--- START ---

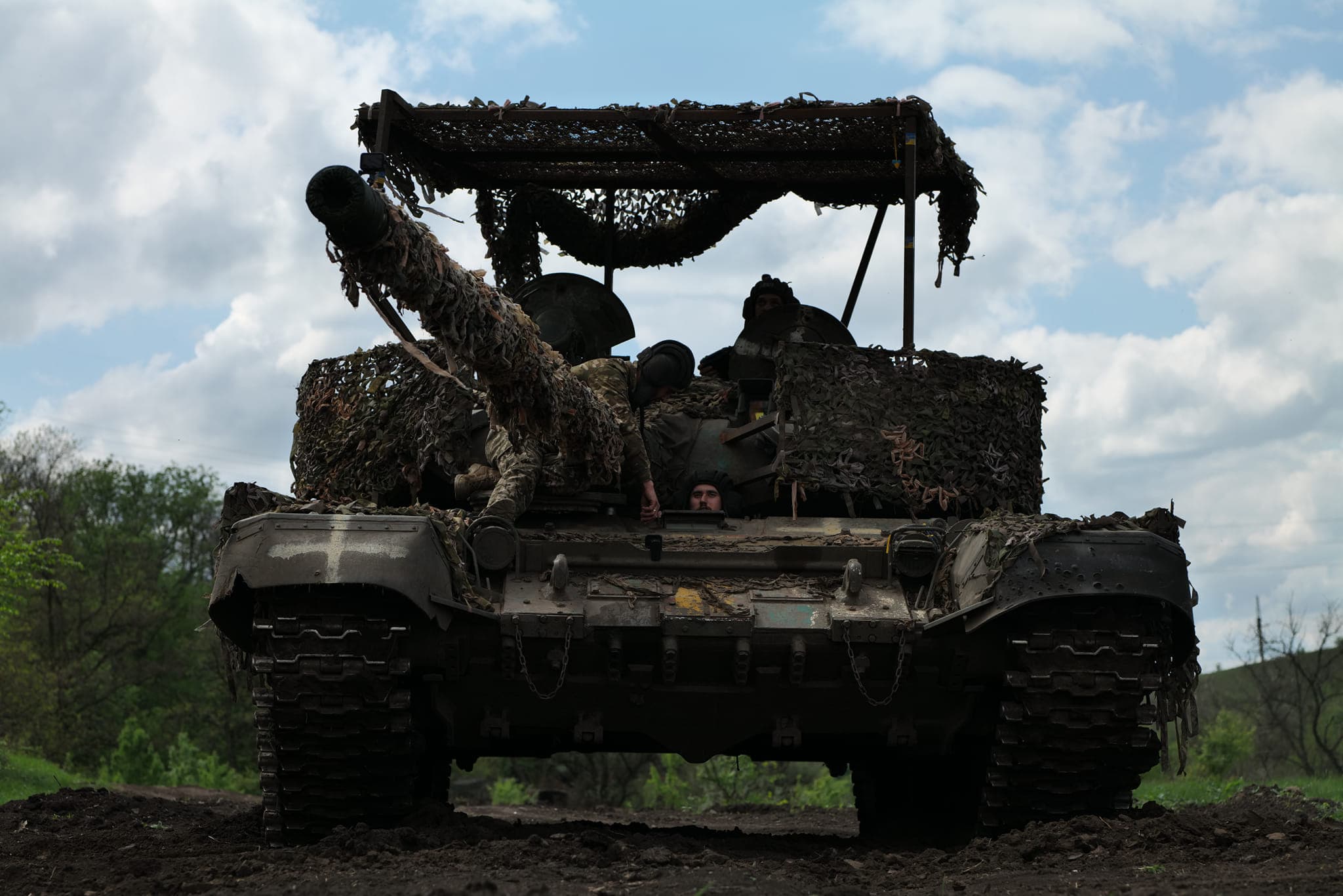 Frontnews image description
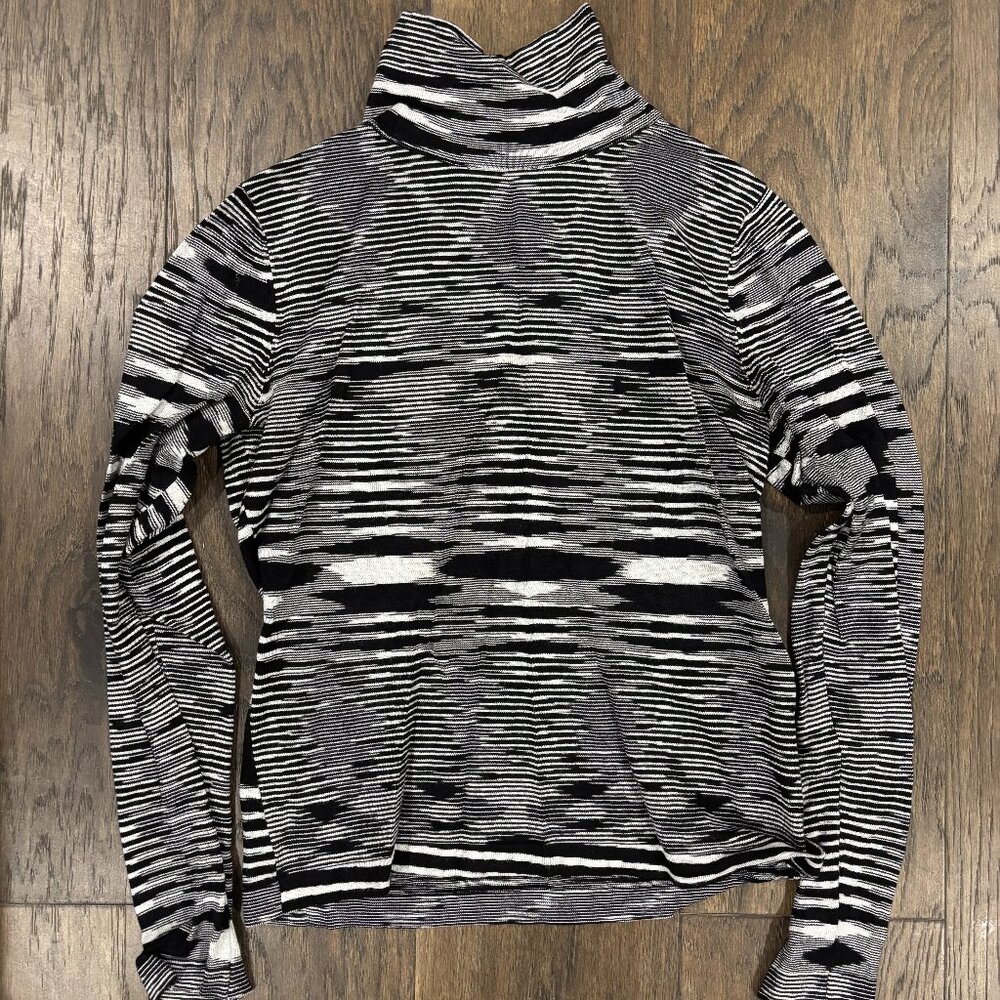 Striped turtleneck black and white sweater size xs from fame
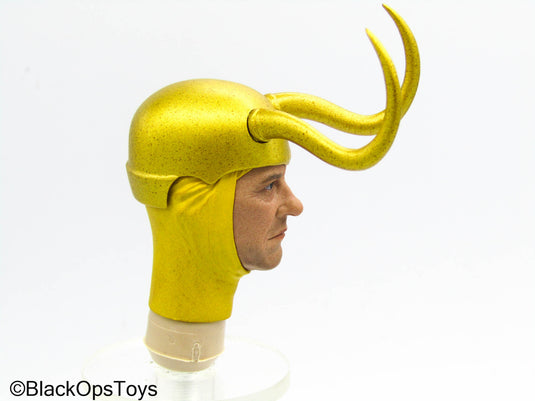 Classic Loki - Male Head Sculpt w/Swappable Face & Helmet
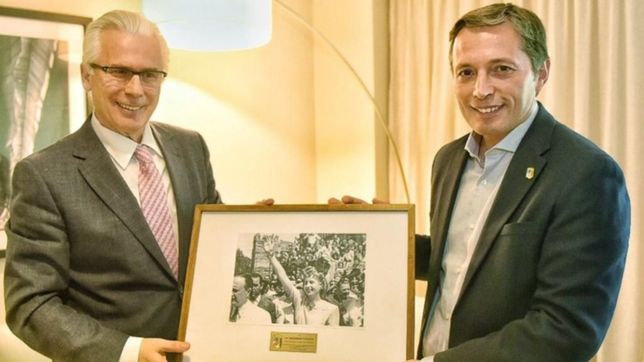 gray afina con baltasar garzon el contragolpe al decretazo anti unidad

--- END ---

__EXERCISE DETAILS__.
The answer should hold every line of the listing, copied exactly, with no pictures.

__OUTPUT FOR THIS TASK__.
 Frontnews image description
 Striped turtleneck black and white sweater size xs from fame
 Classic Loki - Male Head Sculpt w/Swappable Face & Helmet
 gray afina con baltasar garzon el contragolpe al decretazo anti unidad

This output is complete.